• Aim of the exercise:
Taking the first line of the listing as the start and the line containing "Panna Cotta 15oz" as the end, reproduce everything in between exactly, both ends included.

────

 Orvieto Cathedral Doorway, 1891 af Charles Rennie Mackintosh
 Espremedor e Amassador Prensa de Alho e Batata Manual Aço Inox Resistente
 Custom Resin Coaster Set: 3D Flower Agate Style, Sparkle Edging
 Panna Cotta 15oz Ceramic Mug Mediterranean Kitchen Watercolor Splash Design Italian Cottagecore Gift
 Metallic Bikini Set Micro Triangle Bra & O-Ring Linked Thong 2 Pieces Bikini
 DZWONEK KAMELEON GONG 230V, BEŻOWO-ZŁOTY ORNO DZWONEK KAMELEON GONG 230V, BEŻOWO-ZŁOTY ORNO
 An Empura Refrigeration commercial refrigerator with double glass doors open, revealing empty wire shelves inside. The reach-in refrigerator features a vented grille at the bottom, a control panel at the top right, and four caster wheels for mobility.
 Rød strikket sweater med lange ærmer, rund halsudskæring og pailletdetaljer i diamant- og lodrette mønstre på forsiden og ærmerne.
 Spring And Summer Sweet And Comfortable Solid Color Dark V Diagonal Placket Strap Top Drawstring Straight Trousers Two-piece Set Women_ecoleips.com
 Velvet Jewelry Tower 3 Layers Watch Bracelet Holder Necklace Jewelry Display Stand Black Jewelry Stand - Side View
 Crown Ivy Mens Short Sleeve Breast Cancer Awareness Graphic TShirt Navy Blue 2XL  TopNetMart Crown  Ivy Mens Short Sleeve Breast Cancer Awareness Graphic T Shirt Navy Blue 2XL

────

• Answer box:
 Orvieto Cathedral Doorway, 1891 af Charles Rennie Mackintosh
 Espremedor e Amassador Prensa de Alho e Batata Manual Aço Inox Resistente
 Custom Resin Coaster Set: 3D Flower Agate Style, Sparkle Edging
 Panna Cotta 15oz Ceramic Mug Mediterranean Kitchen Watercolor Splash Design Italian Cottagecore Gift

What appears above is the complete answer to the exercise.